** Records for the exercise **
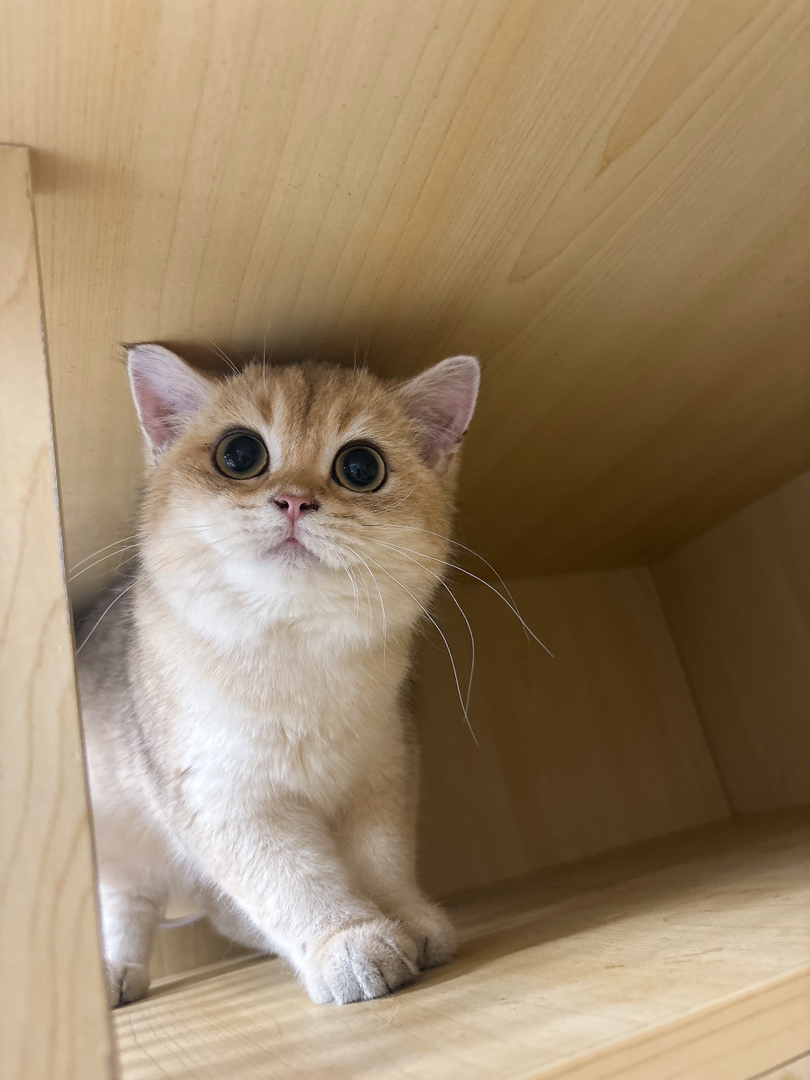 可爱金渐层猫咪,大眼萌爪,颜值超高,温顺亲人超治愈
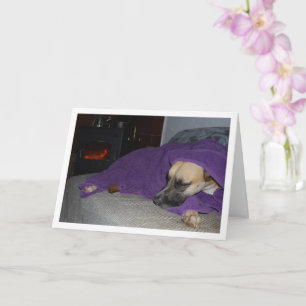 Sleeping Dog by Fireplace Card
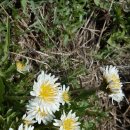 장기 산골농장 이미지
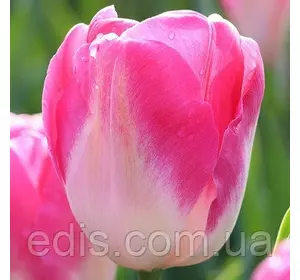 Тюльпан Тріумф Dynasty 3 цибулинки Тюльпан Тріумф Dynasty 3 цибулинки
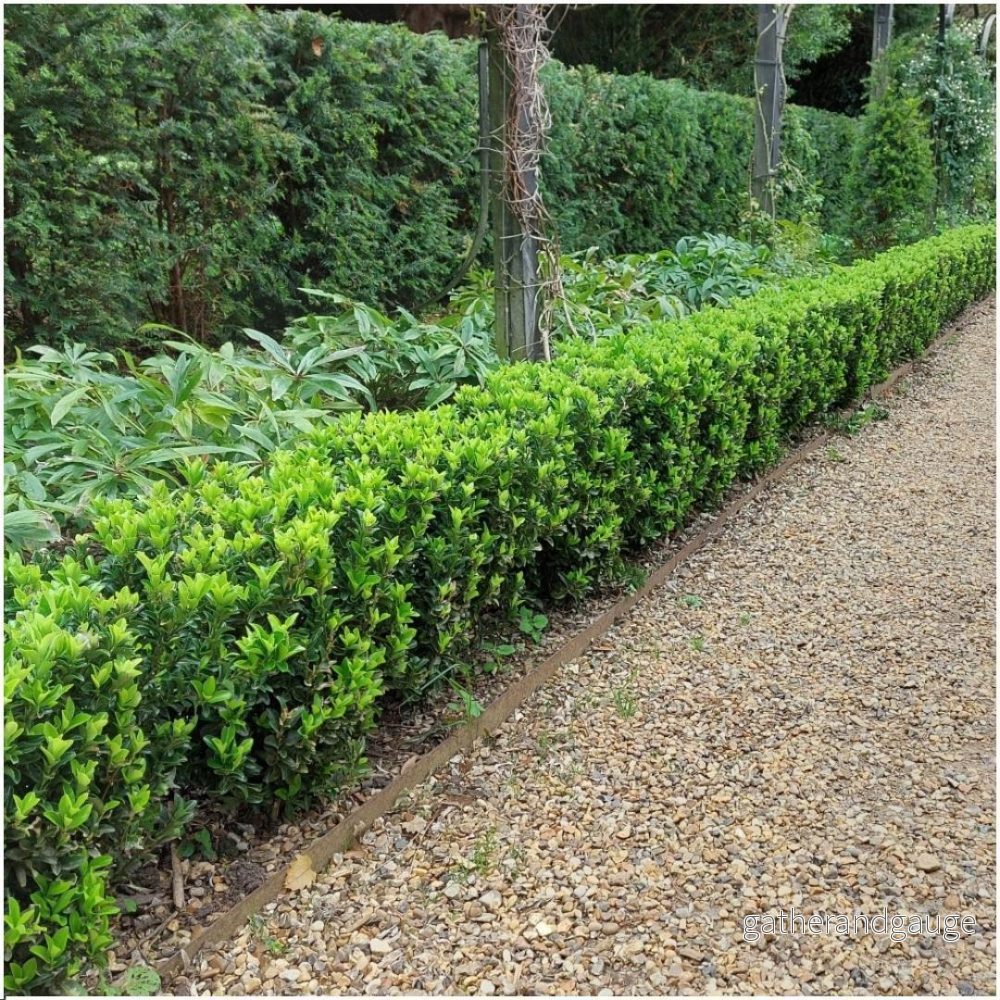 Japansk Benveård (Euonymus japonicus) ’Green Spire’
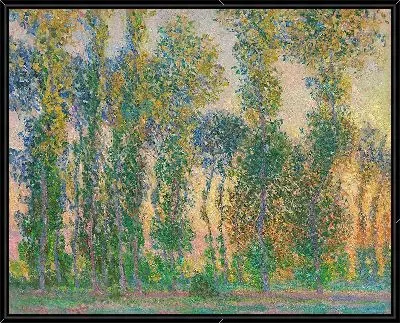 Тополя в Живерни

** Your objective **
Would you return all the data exactly as given, minus the pictures?

** Answer box **
 可爱金渐层猫咪,大眼萌爪,颜值超高,温顺亲人超治愈
 Sleeping Dog by Fireplace Card
 장기 산골농장 이미지
 Тюльпан Тріумф Dynasty 3 цибулинки Тюльпан Тріумф Dynasty 3 цибулинки
 Japansk Benveård (Euonymus japonicus) ’Green Spire’
 Тополя в Живерни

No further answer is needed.